Поначалу никто не желал брать на себя ее работу. Хьюстон присылал обеспокоенные сообщения, затем замечания и, наконец, скрытые угрозы. Теперь, когда они были на подходе к Марсу, экспедиция получила больше эфирного времени на телевидении, и ситуация, как заявляли в Центре управления полетами, теперь была сравнима со взрывом сверхновой. Они напомнили колонистам, что этот всплеск популярности в конечном итоге должен принести множество выгод космической программе, что колонистам необходимо снимать и транслировать то, что у них происходит, чтобы поддержать интерес общественности к будущим миссиям на Марс, от которых они сами будут зависеть. Передавать свои истории было их долгом!
Фрэнк вышел на видеосвязь и предложил Центру состряпать репортажи из записей, которые снимают видеороботы. Хастингс, глава Центра в Хьюстоне, пришел в ярость от такого ответа. Но, как сказал Аркадий с усмешкой, дававшей понять, что он был готов так ответить не только на эту конкретную ситуацию: «А что они нам сделают?».

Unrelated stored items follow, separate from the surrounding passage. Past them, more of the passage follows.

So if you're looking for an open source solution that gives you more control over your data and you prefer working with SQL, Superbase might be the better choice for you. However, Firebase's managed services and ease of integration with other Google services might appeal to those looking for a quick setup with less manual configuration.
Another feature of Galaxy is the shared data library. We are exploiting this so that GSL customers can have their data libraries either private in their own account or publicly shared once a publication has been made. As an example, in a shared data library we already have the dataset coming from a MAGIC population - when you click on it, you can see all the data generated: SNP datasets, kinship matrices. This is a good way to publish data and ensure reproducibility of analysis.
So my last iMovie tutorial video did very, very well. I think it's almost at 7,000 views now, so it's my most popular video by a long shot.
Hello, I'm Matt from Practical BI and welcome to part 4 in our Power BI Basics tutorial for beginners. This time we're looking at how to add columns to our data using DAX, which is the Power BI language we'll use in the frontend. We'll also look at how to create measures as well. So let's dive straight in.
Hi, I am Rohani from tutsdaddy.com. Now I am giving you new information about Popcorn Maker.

Майя покачала головой. Они подавали плохой знак, показывая то, что до сих пор скрывали видеорепортажи, — что группа дробилась на соперничающие между собой компании. Это говорило о том, что Майя сама потеряла контроль над российской половиной экспедиции. Она уже хотела попросить Надю взять на себя обязанности репортера, как, к счастью для нее, Филлис и ее друзья из торуса В вызвались добровольцами. Майя, смеясь над выражением лица Аркадия, согласилась на их предложение. Аркадий притворился, что ему все равно. Майя в сердцах сказала ему по-русски:
— Как видишь, ты упустил свой шанс! Шанс создавать нашу реальность!

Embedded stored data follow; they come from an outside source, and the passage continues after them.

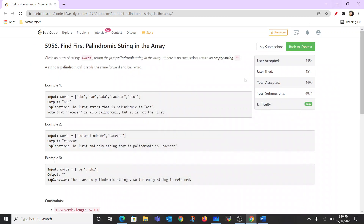Hello everyone, welcome to my channel. Today we would be doing a LeetCode contest, basically the weekly contest where we are having four questions. I'll solve all four questions part by part in each video. This is the first question from today's LeetCode contest.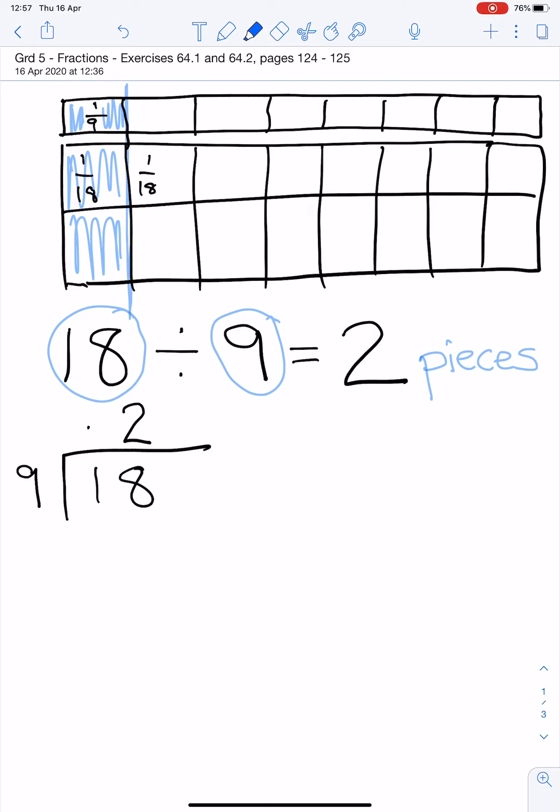Now, exercise 64.2 asks you to complete problems just like that one. Number 1 helps you step by step to figure it out. Number 2 does not.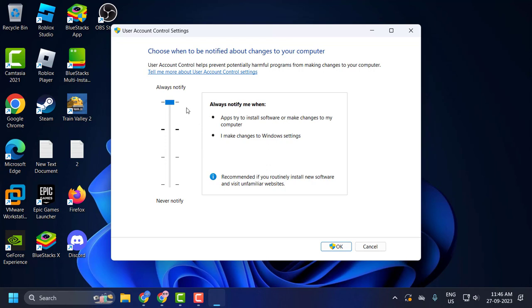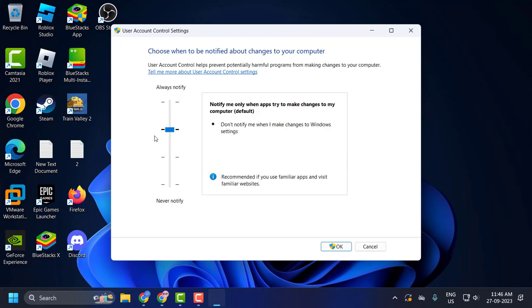Don't set this to the first option. I suggest you set this to the second option: 'Notify me only when apps try to make changes to my computer' — this is the default. Click Apply and OK to see the changes.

— Не нашу реальность, Майя. Их реальность. И мне все равно, что они там себе думают.
Майя и Фрэнк начали обсуждать обязанности при посадке. До определенной степени они были предопределены областями специализации членов экипажа, но некоторые возможности для выбора все же были — в первую очередь, благодаря тому, что многие обладали целым набором навыков. И провокации Аркадия, наконец, возымели эффект, теперь планы Центра относительно будущих миссий считались в лучшем случае предварительными. На самом деле никто уже, похоже, не признавал власть Майи или Фрэнка, из-за чего возникло напряжение, когда стало известно, над чем работал Центр.

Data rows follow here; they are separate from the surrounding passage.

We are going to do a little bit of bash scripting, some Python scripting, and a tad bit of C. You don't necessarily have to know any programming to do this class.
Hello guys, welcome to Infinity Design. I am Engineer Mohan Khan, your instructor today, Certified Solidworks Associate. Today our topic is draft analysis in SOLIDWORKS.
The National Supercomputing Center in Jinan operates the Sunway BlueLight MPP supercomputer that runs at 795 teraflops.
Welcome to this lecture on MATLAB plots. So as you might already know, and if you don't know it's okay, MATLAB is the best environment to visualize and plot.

Предполетный план Центра предусматривал основание базовой колонии на равнинах к северу от каньона Офир, громадного северного ответвления долин Маринер. К базе приписали всю команду фермеров и большинство инженеров и медицинского персонала — всего около шестидесяти человек из ста Остальные должны были рассредоточиться по вспомогательным миссиям и лишь время от времени возвращаться в основной лагерь. Крупнейшая из этих миссий заключалась в том, чтобы установить часть разобранного «Ареса» на Фобосе и начать превращение этой луны в космическую станцию. Еще одна небольшая миссия должна была покинуть лагерь и отправиться на север к полярной шапке, чтобы наладить там систему добычи льда и транспортировки его блоков на базу. Третьей миссии предстояло провести ряд геологических изысканий, путешествуя по всей планете, — несомненно, восхитительное задание. Все меньшие группы должны были стать полуавтономными на периоды до одного года, поэтому отбор в них был особенно серьезным — ведь все знали, насколько мог затянуться этот год.
Аркадий вместе с группой своих друзей, среди которых были Алекс, Роджер, Саманта, Эдвард Джанет, Татьяна и Елена, вызвался работать на Фобосе. Филлис и Мэри, прослышав об этом, пришли к Майе и Фрэнку с протестом: «Они явно хотят завладеть Фобосом, и кто знает, что они там натворят!»
Майя кивнула и заметила, что Фрэнку это тоже не по душе. Но трудность состояла в том, что никто больше не хотел оставаться на Фобосе. Даже Филлис и Мэри не претендовали на то, чтобы занять места команды Аркадия, поэтому не было ясно, как им противостоять.
Еще больше споров вспыхнуло, когда Энн Клейборн показала свой список участников миссии, которой предстояло вести геологические изыскания. Многие желали этим заняться, и некоторые из тех, кто оказался вне списка, заявили, что отправятся туда независимо от того, хочет того Энн или нет.